* **YOUR OBJECTIVE**:
Down to the last line, repeat the data below exactly.

Stored data:
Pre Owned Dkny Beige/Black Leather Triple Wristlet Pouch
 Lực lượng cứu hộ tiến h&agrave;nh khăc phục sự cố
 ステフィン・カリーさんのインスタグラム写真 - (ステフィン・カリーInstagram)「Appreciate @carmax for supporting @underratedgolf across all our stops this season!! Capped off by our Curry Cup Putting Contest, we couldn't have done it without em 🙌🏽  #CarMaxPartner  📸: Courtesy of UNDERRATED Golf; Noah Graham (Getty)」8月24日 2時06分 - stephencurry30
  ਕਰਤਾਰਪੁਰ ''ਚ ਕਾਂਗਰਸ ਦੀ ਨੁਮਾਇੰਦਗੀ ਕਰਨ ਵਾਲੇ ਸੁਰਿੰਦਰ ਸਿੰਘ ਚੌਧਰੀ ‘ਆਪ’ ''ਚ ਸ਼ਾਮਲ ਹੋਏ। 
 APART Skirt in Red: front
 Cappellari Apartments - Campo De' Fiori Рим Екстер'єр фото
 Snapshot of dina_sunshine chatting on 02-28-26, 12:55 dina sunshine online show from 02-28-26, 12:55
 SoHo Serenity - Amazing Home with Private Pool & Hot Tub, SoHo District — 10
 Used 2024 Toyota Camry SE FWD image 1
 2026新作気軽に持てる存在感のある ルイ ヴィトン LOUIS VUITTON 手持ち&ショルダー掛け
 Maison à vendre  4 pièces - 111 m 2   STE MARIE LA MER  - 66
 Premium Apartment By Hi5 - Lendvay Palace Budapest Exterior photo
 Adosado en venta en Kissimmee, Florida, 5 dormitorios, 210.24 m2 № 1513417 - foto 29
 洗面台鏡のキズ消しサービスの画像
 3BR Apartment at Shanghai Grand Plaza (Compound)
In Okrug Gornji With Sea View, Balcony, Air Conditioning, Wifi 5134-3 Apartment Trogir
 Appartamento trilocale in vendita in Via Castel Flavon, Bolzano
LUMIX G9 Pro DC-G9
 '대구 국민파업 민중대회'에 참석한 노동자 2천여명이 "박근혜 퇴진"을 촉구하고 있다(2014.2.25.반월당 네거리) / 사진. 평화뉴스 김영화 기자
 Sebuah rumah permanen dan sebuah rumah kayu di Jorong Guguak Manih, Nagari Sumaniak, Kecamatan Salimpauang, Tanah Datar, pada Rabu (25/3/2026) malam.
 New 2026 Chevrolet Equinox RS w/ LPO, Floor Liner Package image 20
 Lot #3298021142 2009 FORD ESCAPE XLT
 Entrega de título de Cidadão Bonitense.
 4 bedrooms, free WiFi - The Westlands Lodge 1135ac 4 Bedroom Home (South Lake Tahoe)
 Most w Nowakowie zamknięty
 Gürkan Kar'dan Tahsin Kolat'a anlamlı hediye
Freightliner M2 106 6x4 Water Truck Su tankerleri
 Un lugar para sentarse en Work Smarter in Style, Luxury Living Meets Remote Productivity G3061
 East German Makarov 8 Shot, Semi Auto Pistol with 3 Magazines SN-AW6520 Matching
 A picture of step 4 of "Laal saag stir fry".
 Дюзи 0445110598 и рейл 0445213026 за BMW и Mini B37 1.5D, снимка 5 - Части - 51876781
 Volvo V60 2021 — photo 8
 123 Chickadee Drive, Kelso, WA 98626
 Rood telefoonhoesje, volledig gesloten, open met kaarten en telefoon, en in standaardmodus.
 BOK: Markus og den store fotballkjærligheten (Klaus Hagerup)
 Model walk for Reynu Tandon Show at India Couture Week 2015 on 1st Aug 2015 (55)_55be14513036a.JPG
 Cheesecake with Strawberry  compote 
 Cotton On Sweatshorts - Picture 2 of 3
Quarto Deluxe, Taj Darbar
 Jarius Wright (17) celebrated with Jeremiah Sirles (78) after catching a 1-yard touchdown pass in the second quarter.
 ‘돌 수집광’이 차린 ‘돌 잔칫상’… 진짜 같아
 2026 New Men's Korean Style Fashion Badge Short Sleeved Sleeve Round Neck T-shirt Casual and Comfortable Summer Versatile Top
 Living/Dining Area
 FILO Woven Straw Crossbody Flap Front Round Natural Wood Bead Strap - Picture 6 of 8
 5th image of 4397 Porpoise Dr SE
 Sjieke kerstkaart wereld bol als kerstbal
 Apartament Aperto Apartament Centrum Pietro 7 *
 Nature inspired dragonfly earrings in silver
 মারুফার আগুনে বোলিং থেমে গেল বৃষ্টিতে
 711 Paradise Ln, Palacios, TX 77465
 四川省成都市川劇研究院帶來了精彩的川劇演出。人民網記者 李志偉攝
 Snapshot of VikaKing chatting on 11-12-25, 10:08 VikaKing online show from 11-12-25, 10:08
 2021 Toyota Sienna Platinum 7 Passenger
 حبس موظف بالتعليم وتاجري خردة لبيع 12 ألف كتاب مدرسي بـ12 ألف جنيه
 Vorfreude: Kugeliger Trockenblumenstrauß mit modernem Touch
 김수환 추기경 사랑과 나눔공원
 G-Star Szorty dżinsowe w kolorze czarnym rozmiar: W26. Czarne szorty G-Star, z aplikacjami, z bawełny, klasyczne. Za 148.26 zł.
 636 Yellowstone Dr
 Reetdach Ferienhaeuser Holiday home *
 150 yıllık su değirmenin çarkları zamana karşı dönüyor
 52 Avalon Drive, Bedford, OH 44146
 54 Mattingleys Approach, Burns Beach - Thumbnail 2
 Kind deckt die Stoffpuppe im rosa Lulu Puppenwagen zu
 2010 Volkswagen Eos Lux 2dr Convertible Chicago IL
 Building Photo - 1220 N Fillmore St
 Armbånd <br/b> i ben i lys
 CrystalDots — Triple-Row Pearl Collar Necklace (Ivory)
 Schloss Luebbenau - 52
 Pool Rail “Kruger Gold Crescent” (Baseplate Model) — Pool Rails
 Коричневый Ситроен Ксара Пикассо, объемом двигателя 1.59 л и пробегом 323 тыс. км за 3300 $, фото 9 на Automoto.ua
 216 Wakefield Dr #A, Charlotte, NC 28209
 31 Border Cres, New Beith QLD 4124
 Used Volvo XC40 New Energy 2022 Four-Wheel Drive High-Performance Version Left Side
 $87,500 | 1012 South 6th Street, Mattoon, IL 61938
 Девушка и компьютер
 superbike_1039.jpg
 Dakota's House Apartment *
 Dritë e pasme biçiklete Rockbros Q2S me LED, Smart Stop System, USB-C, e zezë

* **RESPONSE BOX**:
Pre Owned Dkny Beige/Black Leather Triple Wristlet Pouch
 Lực lượng cứu hộ tiến h&agrave;nh khăc phục sự cố
 ステフィン・カリーさんのインスタグラム写真 - (ステフィン・カリーInstagram)「Appreciate @carmax for supporting @underratedgolf across all our stops this season!! Capped off by our Curry Cup Putting Contest, we couldn't have done it without em 🙌🏽  #CarMaxPartner  📸: Courtesy of UNDERRATED Golf; Noah Graham (Getty)」8月24日 2時06分 - stephencurry30
  ਕਰਤਾਰਪੁਰ ''ਚ ਕਾਂਗਰਸ ਦੀ ਨੁਮਾਇੰਦਗੀ ਕਰਨ ਵਾਲੇ ਸੁਰਿੰਦਰ ਸਿੰਘ ਚੌਧਰੀ ‘ਆਪ’ ''ਚ ਸ਼ਾਮਲ ਹੋਏ। 
 APART Skirt in Red: front
 Cappellari Apartments - Campo De' Fiori Рим Екстер'єр фото
 Snapshot of dina_sunshine chatting on 02-28-26, 12:55 dina sunshine online show from 02-28-26, 12:55
 SoHo Serenity - Amazing Home with Private Pool & Hot Tub, SoHo District — 10
 Used 2024 Toyota Camry SE FWD image 1
 2026新作気軽に持てる存在感のある ルイ ヴィトン LOUIS VUITTON 手持ち&ショルダー掛け
 Maison à vendre  4 pièces - 111 m 2   STE MARIE LA MER  - 66
 Premium Apartment By Hi5 - Lendvay Palace Budapest Exterior photo
 Adosado en venta en Kissimmee, Florida, 5 dormitorios, 210.24 m2 № 1513417 - foto 29
 洗面台鏡のキズ消しサービスの画像
 3BR Apartment at Shanghai Grand Plaza (Compound)
In Okrug Gornji With Sea View, Balcony, Air Conditioning, Wifi 5134-3 Apartment Trogir
 Appartamento trilocale in vendita in Via Castel Flavon, Bolzano
LUMIX G9 Pro DC-G9
 '대구 국민파업 민중대회'에 참석한 노동자 2천여명이 "박근혜 퇴진"을 촉구하고 있다(2014.2.25.반월당 네거리) / 사진. 평화뉴스 김영화 기자
 Sebuah rumah permanen dan sebuah rumah kayu di Jorong Guguak Manih, Nagari Sumaniak, Kecamatan Salimpauang, Tanah Datar, pada Rabu (25/3/2026) malam.
 New 2026 Chevrolet Equinox RS w/ LPO, Floor Liner Package image 20
 Lot #3298021142 2009 FORD ESCAPE XLT
 Entrega de título de Cidadão Bonitense.
 4 bedrooms, free WiFi - The Westlands Lodge 1135ac 4 Bedroom Home (South Lake Tahoe)
 Most w Nowakowie zamknięty
 Gürkan Kar'dan Tahsin Kolat'a anlamlı hediye
Freightliner M2 106 6x4 Water Truck Su tankerleri
 Un lugar para sentarse en Work Smarter in Style, Luxury Living Meets Remote Productivity G3061
 East German Makarov 8 Shot, Semi Auto Pistol with 3 Magazines SN-AW6520 Matching
 A picture of step 4 of "Laal saag stir fry".
 Дюзи 0445110598 и рейл 0445213026 за BMW и Mini B37 1.5D, снимка 5 - Части - 51876781
 Volvo V60 2021 — photo 8
 123 Chickadee Drive, Kelso, WA 98626
 Rood telefoonhoesje, volledig gesloten, open met kaarten en telefoon, en in standaardmodus.
 BOK: Markus og den store fotballkjærligheten (Klaus Hagerup)
 Model walk for Reynu Tandon Show at India Couture Week 2015 on 1st Aug 2015 (55)_55be14513036a.JPG
 Cheesecake with Strawberry  compote 
 Cotton On Sweatshorts - Picture 2 of 3
Quarto Deluxe, Taj Darbar
 Jarius Wright (17) celebrated with Jeremiah Sirles (78) after catching a 1-yard touchdown pass in the second quarter.
 ‘돌 수집광’이 차린 ‘돌 잔칫상’… 진짜 같아
 2026 New Men's Korean Style Fashion Badge Short Sleeved Sleeve Round Neck T-shirt Casual and Comfortable Summer Versatile Top
 Living/Dining Area
 FILO Woven Straw Crossbody Flap Front Round Natural Wood Bead Strap - Picture 6 of 8
 5th image of 4397 Porpoise Dr SE
 Sjieke kerstkaart wereld bol als kerstbal
 Apartament Aperto Apartament Centrum Pietro 7 *
 Nature inspired dragonfly earrings in silver
 মারুফার আগুনে বোলিং থেমে গেল বৃষ্টিতে
 711 Paradise Ln, Palacios, TX 77465
 四川省成都市川劇研究院帶來了精彩的川劇演出。人民網記者 李志偉攝
 Snapshot of VikaKing chatting on 11-12-25, 10:08 VikaKing online show from 11-12-25, 10:08
 2021 Toyota Sienna Platinum 7 Passenger
 حبس موظف بالتعليم وتاجري خردة لبيع 12 ألف كتاب مدرسي بـ12 ألف جنيه
 Vorfreude: Kugeliger Trockenblumenstrauß mit modernem Touch
 김수환 추기경 사랑과 나눔공원
 G-Star Szorty dżinsowe w kolorze czarnym rozmiar: W26. Czarne szorty G-Star, z aplikacjami, z bawełny, klasyczne. Za 148.26 zł.
 636 Yellowstone Dr
 Reetdach Ferienhaeuser Holiday home *
 150 yıllık su değirmenin çarkları zamana karşı dönüyor
 52 Avalon Drive, Bedford, OH 44146
 54 Mattingleys Approach, Burns Beach - Thumbnail 2
 Kind deckt die Stoffpuppe im rosa Lulu Puppenwagen zu
 2010 Volkswagen Eos Lux 2dr Convertible Chicago IL
 Building Photo - 1220 N Fillmore St
 Armbånd <br/b> i ben i lys
 CrystalDots — Triple-Row Pearl Collar Necklace (Ivory)
 Schloss Luebbenau - 52
 Pool Rail “Kruger Gold Crescent” (Baseplate Model) — Pool Rails
 Коричневый Ситроен Ксара Пикассо, объемом двигателя 1.59 л и пробегом 323 тыс. км за 3300 $, фото 9 на Automoto.ua
 216 Wakefield Dr #A, Charlotte, NC 28209
 31 Border Cres, New Beith QLD 4124
 Used Volvo XC40 New Energy 2022 Four-Wheel Drive High-Performance Version Left Side
 $87,500 | 1012 South 6th Street, Mattoon, IL 61938
 Девушка и компьютер
 superbike_1039.jpg
 Dakota's House Apartment *
 Dritë e pasme biçiklete Rockbros Q2S me LED, Smart Stop System, USB-C, e zezë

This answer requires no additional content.